WHAT THE TASK REQUIRES:
Would you output the entries below only from the line containing "Una cama con" through the line containing "Family-friendly screened pool", exactly as they stand and with both ends included?

--- RECORDS TO PROCESS Enclosed Below ---

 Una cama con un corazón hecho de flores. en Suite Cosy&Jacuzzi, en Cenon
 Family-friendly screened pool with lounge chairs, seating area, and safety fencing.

--- End of Enclosed RECORDS TO PROCESS ---
--- RECORDS TO PROCESS Enclosed Below ---

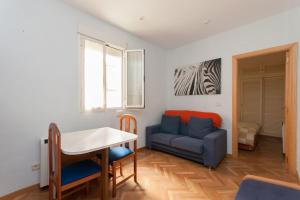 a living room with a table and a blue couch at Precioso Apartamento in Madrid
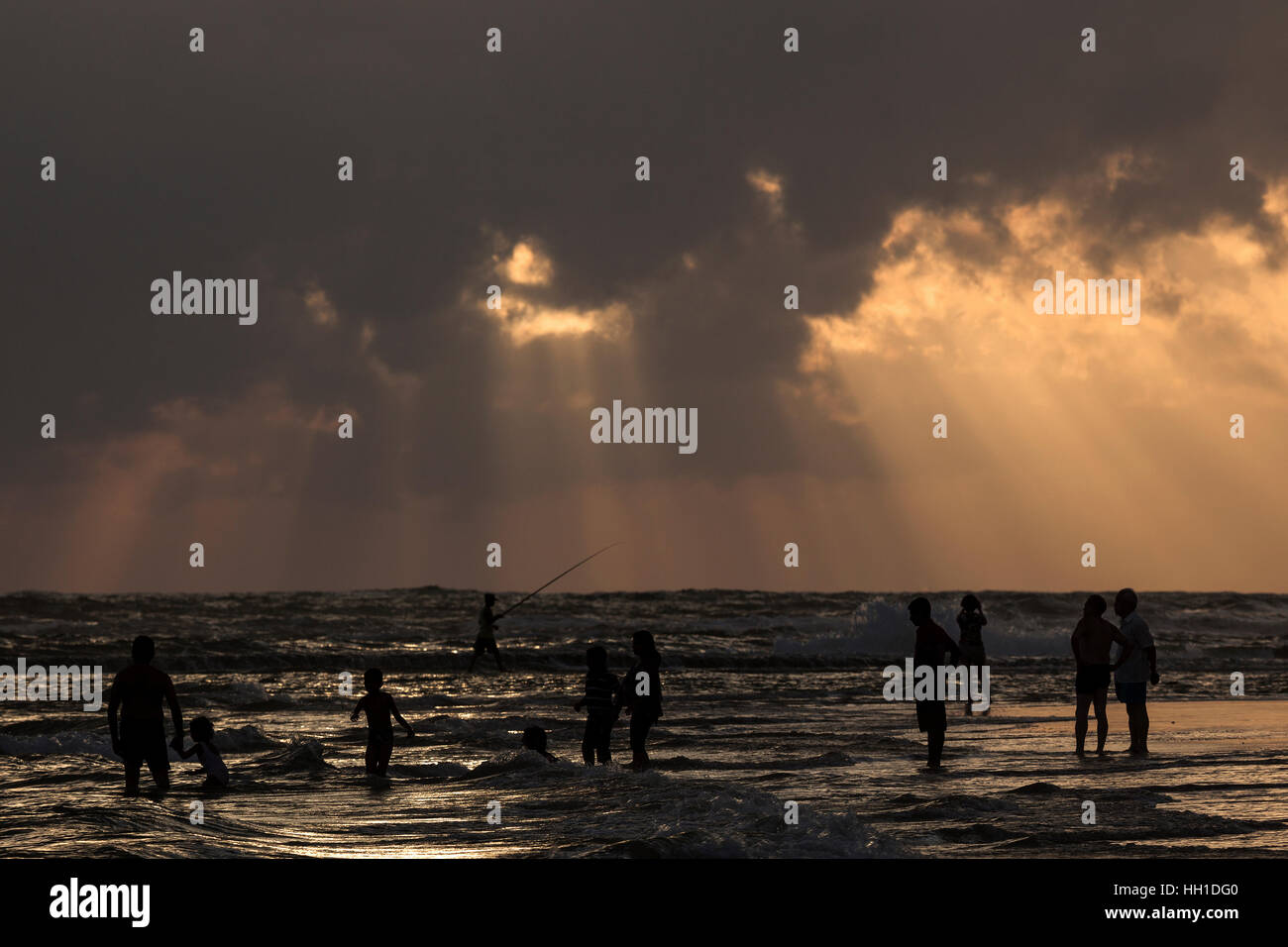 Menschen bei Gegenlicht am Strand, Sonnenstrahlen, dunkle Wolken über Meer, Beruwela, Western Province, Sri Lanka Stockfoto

--- End of Enclosed RECORDS TO PROCESS ---
--- RECORDS TO PROCESS Enclosed Below ---

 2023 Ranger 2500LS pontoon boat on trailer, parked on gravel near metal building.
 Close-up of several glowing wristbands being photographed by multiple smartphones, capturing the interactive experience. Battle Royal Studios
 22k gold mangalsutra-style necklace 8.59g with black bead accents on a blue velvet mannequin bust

--- End of Enclosed RECORDS TO PROCESS ---

ANSWER AREA:
 Una cama con un corazón hecho de flores. en Suite Cosy&Jacuzzi, en Cenon
 Family-friendly screened pool with lounge chairs, seating area, and safety fencing.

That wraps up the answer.